SO CCP are the bad ones in the space race. CCP SO busy trying to play catchup when all they can do now is rehash a total confusion of messups. Some(ccp) game companies just can’t let go and remake another better game from their past experiences. CCP is living prove of patch up world they live in. they would rather play doctor than try and move onto second inclusion to the franchise..you know…something new. Bahhh its far too hard to tell a person to stop when they been doing it for so long.
SO I SAY WELL DONE ELITE DANGEROUS YOU SHOWED THEM! SHOW EM SOME MORE IN 2015
Have a good New years Everyone.
EDBacker
On December 26, 2014 at 5:15 pm
David Braben took £1.5m from Kickstarter backers, failed to deliver the Elite Dangerous game he promised, and then reneged on his commitment to return the money. If you are one of the backers seeking the refund to which you are entitled, join with the others on the mailing list at http://www.elitedangerousrefunds.org.
The Truth
On December 28, 2014 at 10:49 pm
This looks like another whinefest to me. Walls of text! Waah! Offline mode! Waah!
David
On December 30, 2014 at 1:50 pm
This game is getting totally unfair reviews, which isn’t really surprising, since you actually have to play it for more than 5 hours to realize how shallow it actually is. Mainstream game reviewers don’t tend to do that, which is why I for one never pay much attention to these kinds of reviews. The hype this game has garnered also seems to fuel the fire of overly positive first impressions.

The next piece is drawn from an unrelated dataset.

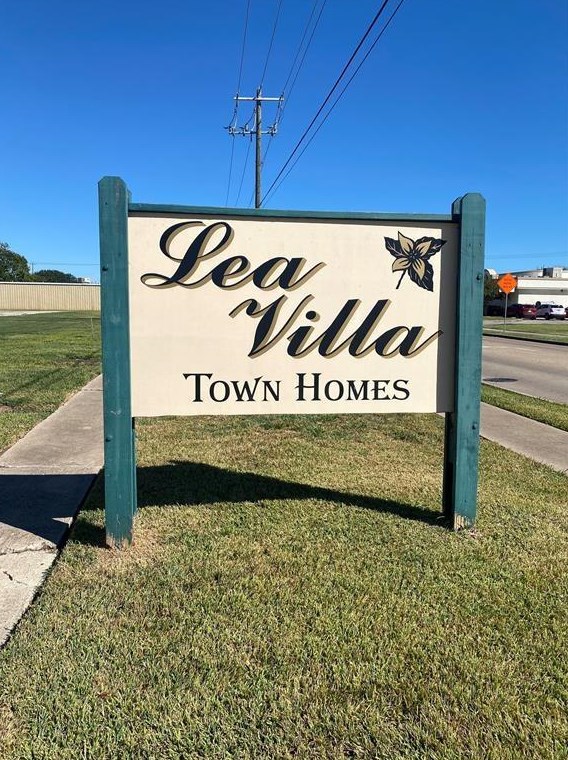 101 E Hospital Dr Apt 9, Angleton, TX 77515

Frontier Developments’ dishonesty is something that more and more people seem to realize. The end product they have created is pretty far from what was talked about in the many video diaries and interviews with David Braben during its development, is nothing like the trailer which was used to market it and on some accounts even fails to include features that were promised during the kickstarter campaign. Oh, and where are those “loads” of Mercenary Edition content that were promised on release? Seems they “forgot” about that also.
It might be that E:D is a game with some actual content other than the space sightseeing two years from now. But knowing Frontier Developments, I wouldn’t count on it including half of what they’ve said it will include.